• Task item
Set down, character for character, everything in the records below from the line holding "Mason jar filled" down to the line holding "Wooden barrels in", and no other line.

*** Begin section ***

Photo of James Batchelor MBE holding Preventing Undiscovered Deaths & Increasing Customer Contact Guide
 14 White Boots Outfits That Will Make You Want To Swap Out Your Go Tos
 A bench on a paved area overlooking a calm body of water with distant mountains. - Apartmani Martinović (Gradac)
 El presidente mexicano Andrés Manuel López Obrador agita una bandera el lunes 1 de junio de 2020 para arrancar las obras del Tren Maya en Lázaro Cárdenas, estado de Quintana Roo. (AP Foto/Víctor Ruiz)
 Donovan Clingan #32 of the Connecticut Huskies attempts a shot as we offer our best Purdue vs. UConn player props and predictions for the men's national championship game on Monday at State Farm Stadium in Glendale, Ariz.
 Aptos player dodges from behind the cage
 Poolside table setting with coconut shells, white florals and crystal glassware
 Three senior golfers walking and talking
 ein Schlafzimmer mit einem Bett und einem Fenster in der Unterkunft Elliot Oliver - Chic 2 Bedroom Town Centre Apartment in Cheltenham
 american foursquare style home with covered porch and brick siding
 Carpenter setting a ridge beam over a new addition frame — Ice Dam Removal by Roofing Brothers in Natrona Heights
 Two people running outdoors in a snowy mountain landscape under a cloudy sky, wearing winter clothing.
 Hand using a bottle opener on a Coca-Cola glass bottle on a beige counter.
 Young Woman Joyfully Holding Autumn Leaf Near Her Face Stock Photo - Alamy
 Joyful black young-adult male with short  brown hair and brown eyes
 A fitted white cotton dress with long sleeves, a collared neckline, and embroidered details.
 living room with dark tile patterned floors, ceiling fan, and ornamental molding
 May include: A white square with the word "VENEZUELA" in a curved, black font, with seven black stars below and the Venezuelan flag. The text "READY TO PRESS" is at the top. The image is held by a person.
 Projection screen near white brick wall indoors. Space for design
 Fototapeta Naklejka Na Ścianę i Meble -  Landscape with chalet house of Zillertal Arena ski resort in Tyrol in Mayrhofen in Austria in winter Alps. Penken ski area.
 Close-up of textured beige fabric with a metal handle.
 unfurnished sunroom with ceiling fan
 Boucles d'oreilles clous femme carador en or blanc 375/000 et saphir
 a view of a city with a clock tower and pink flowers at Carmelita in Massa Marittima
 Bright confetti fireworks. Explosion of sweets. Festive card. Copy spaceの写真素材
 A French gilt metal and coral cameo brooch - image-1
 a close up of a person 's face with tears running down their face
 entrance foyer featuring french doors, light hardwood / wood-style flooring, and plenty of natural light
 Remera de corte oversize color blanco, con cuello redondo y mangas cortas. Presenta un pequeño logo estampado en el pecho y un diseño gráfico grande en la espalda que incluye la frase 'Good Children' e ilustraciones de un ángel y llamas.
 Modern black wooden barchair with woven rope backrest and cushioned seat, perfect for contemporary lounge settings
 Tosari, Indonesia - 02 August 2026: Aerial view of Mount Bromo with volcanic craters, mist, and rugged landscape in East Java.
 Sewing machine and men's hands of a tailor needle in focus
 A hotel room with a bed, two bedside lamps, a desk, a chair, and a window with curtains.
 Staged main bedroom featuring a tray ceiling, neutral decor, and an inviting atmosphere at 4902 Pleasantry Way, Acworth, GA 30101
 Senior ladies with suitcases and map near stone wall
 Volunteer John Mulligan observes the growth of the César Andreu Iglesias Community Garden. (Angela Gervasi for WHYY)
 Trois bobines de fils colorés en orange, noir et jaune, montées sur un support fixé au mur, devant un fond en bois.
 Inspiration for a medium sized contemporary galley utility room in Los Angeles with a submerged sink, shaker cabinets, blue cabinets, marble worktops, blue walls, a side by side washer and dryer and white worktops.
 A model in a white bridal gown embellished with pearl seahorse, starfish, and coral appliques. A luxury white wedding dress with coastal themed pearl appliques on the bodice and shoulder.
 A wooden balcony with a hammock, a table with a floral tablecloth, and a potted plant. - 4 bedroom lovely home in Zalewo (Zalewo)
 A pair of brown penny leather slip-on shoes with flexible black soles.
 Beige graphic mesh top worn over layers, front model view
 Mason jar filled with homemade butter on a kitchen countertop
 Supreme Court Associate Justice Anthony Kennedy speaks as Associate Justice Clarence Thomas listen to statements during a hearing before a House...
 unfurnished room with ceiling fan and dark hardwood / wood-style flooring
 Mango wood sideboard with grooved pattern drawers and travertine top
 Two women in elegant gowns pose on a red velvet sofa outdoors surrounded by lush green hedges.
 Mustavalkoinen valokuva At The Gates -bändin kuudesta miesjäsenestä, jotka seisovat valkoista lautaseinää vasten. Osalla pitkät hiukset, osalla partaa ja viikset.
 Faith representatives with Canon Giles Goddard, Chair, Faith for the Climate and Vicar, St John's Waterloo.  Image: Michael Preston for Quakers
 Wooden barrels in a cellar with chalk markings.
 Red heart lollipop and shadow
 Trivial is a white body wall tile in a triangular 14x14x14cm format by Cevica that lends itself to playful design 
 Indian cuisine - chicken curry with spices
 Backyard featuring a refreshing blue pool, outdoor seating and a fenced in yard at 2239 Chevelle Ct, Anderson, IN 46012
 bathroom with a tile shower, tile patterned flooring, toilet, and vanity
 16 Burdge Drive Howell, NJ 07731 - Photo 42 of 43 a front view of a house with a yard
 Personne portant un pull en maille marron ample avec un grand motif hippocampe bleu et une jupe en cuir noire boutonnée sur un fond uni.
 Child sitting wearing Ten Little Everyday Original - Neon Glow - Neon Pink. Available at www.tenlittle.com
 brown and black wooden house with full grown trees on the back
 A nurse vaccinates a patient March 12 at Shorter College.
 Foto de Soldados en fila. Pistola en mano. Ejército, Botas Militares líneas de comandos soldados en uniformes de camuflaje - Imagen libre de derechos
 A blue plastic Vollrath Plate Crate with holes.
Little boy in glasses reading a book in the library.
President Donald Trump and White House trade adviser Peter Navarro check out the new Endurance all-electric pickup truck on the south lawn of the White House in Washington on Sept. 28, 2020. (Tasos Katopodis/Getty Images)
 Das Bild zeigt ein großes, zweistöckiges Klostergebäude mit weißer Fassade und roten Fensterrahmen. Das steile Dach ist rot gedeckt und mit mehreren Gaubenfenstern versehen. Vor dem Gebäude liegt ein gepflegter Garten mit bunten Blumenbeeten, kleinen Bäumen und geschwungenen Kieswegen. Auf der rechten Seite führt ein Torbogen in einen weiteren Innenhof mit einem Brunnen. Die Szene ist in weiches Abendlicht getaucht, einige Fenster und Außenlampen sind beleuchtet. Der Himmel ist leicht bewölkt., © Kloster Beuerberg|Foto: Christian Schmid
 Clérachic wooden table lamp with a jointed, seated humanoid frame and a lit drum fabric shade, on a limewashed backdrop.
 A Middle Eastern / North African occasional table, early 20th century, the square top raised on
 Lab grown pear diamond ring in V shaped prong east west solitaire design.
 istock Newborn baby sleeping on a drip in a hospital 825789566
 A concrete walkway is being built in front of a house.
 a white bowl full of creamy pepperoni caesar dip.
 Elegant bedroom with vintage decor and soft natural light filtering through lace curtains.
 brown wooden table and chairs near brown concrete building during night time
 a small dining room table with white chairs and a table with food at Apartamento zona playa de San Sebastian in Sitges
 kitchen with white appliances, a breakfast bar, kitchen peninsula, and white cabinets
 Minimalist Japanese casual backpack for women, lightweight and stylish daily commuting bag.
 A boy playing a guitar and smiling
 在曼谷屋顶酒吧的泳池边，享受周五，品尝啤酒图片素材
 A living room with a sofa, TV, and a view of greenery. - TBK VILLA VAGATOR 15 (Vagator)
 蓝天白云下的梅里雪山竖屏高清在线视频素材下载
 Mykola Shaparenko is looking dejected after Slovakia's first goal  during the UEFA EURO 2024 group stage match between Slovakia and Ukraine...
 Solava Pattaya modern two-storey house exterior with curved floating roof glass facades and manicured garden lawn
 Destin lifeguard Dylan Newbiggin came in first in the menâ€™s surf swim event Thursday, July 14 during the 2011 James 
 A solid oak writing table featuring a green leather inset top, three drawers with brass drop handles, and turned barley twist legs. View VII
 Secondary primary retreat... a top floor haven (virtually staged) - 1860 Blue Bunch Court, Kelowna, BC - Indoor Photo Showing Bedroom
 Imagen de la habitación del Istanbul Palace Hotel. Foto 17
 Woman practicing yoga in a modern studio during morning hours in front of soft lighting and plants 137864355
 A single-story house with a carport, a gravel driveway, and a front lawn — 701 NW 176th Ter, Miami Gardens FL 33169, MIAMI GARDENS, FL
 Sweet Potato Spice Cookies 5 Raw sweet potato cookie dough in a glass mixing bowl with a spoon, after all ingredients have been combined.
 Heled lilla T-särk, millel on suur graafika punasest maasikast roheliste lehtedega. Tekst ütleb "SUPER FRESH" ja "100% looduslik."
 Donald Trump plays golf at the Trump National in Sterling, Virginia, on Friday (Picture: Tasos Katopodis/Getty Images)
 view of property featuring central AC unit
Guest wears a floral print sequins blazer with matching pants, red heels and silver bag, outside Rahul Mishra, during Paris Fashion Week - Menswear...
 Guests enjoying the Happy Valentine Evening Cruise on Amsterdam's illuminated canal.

*** End section ***

• Task answer
 Mason jar filled with homemade butter on a kitchen countertop
 Supreme Court Associate Justice Anthony Kennedy speaks as Associate Justice Clarence Thomas listen to statements during a hearing before a House...
 unfurnished room with ceiling fan and dark hardwood / wood-style flooring
 Mango wood sideboard with grooved pattern drawers and travertine top
 Two women in elegant gowns pose on a red velvet sofa outdoors surrounded by lush green hedges.
 Mustavalkoinen valokuva At The Gates -bändin kuudesta miesjäsenestä, jotka seisovat valkoista lautaseinää vasten. Osalla pitkät hiukset, osalla partaa ja viikset.
 Faith representatives with Canon Giles Goddard, Chair, Faith for the Climate and Vicar, St John's Waterloo.  Image: Michael Preston for Quakers
 Wooden barrels in a cellar with chalk markings.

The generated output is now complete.